Some less commonly useful accessors

  • const spirit_po::catalog_metadata & get_metadata() const
    Return the metadata structure that was parsed from the po header.
  • std::size_t gettext_line_no(const std::string & msgid) const
    Return the line number at which a given catalog message was read. 0 if it is not found.
  • std::size_t pgettext_line_no(const std::string & msgctxt, const std::string & msgid) const
    Return the line number at which a given catalog message (with context) was read. 0 if it is not found.

Customization points

spirit_po::catalog is a template, and you may customize it in two ways.

  • Specify an alternate hashmap type.
    The default is std::unordered_map, but if you like you can experiment with boost::flat_map or a flat unordered map, or one of the Loki hashmaps, etc.

  • Specify an alternate plural forms compiler.
    GNU Gettext specifies a pseudo-C expression language for plural forms functions. For example, in Polish there are three plural forms. There is a form for the singular, a form used when the number ends in 12, 13 or 14, and a form for all other cases. The appropriate logic is typically specified in the po-header like so:

    Plural-Forms: nplurals=3; \
        plural=n==1 ? 0 : \
               n%10>=2 && n%10<=4 && (n%100<10 || n%100>=20) ? 1 : 2;
    

    To implement functions like ngettext, spirit_po needs to be able to read these pseudo-C expressions and evaluate them for different values of n. spirit_po contains a built-in facility to do this efficiently -- it converts such expressions to a sequence of op-codes that run on a simple stack machine.
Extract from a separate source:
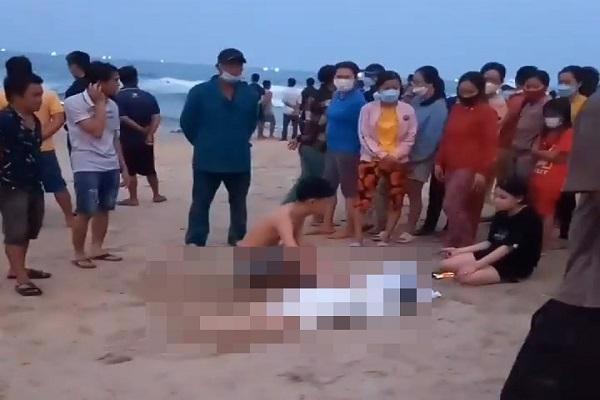 Lực lượng cứu hộ và người dân vớt được thi thể em Tr. Ảnh: B.Đ/Vietnamnet.vn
    If for some reason you want to use a different format for this, or a different C++ implementation of the standard format, you can pass a custom plural forms "compiler" type as the second template parameter to spirit_po::catalog.

    The compiler is a function object that should be default constructible, and should take a string (the part that starts after plural=) and return a function object of signature unsigned int(unsigned int), representing the compiled plural forms function. See the default implementation for details.

Licensing and Distribution

spirit-po is open-source software available under the Boost software license.

Dependencies

  • spirit-po is only intended to work with UTF-8 encoded po files.
  • spirit-po has been tested against many boost versions, ranging from 1.48 to 1.65.
  • spirit-po does not require C++ exceptions to be enabled.
    The tests run when compiled with -fno-exceptions, provided that
    • SPIRIT_PO_NO_EXCEPTIONS is defined
    • BOOST_NO_EXCEPTIONS is defined
    • Boost (headers-only) version >= 1.55. (Fails below that due to a bug in boost::variant.)

Compiler Support

spirit-po has been tested with

  • gcc versions 4.9, 5.0, 5.4, 6.3
  • clang versions 3.5, 3.7. 3.8, 4.0
  • MSVC 2013, 2015, 2017

See .travis.yml and appveyor.yml for info about our CI.

Tests

The test/ folder contains the unit tests, built with boost.build. (There is also an old Makefile that should still work.)

The test_libintl/ folder contains the validation tests against libintl, built using cmake. To add new validation test cases, just drop new .po files in the folder test_libintl/po/.

Acknowledgements

The author thanks David White, Kristina Simpson, and others for conversations which informed the creation of this library.